Yeşim YAVUZER/EGEDESONSÖZ – Ege Üniversitesi Rektörlüğü, üniversite yönetiminin güvenlik uygulamalarını protesto etmek amacıyla ‘balon uçurma’ adlı bir etkinlik düzenleyen öğrencilerden 55’ine çeşitli nedenlerden dolayı soruşturma açmıştı.

Rektörlük başlattığı soruşturmada olayı, “Yanlarında getirdikleri renkli balonları şişirmek suretiyle iki üç kişi olarak faaliyete başlamış, saha sonra saat 12.00 civarında şahısların 25-39 kişiye ulaştığı görülmüştür. Şişirdikleri balonları saç bariyerlerin üzerine bant ile aydınlatma direğine ip bağlayarak asan grup, ayrıca beyaz bez üzerine renkli kalemlerle resimler çizdiği, boyama yaptığı ve aynı bez üzerine Nazım Hikmet’in ‘Yaşamak bir ağaç gibi tek ve hür ve bir orman gibi kardeşcesine’ dizlerini yazdığı, bazı öğrencilerin de A4 kağıdı üzerine resimler çizdiği ve ‘Her yer balon olsa yasaklar kalksa’ şekline yazılar yazdığı, daha sonra bu kağıtları aynı yerde bulunan saç bariyerlere yapıştırdıkları görülmüştür. Yine aynı grubun demir saçlara astığı balonlardan birisinin üzerine ‘yasak diye bişi yok’ yazmış olduğu görülmüştür. Grup ayrıldıktan sonra çevrede yapılan kontrollerde aydınlatma direkleri ve saç bariyerler ‘Özgecan isyanımızdır hesap soracağız’ şeklinde resimli küçük sticker yapıştırdıkları tespit edilmiştir” ifadeleriyle değerlendirmişti.

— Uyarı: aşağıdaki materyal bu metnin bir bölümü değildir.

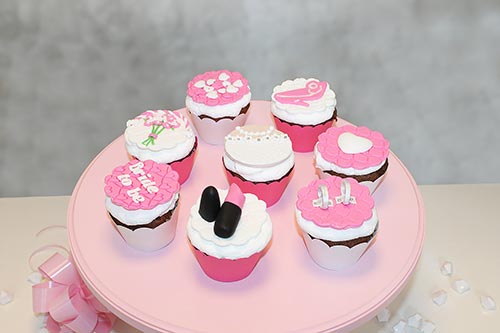 cake pops i cupcake za devojačko veče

Ege Üniversitesi’nde güvenlik önlemleri kapsamında yapılan uygulamalar, son zamanlarda öğrencilere açılan soruşturmaların artması ve Emniyet’in ceza alan öğrencilerin ailelerinin arayarak ‘çocuğunuz terör örgütüne üye’ gibi ifadelerde bulunması konularıyla ilgili Ege Üniversitesi öğrencileri aileleri ile birlikte bir basın açıklaması yaptı.

Açıklamaya Eğitim Sen 3 Nolu Şube Başkanı Ümit Akıncı ve CHP İzmir Milletvekili Tacettin Bayır da katılarak destek verdi.

Ege Üniversitesi’nin ‘güvenlik önlemi’ adı altında yaptığı tehditkar uygulamalarla özgürlük ortamını tahrip ettiği vurgulanan basın açıklamasını Ege Üniversitesi öğrencisi Tuana Uğuz okudu.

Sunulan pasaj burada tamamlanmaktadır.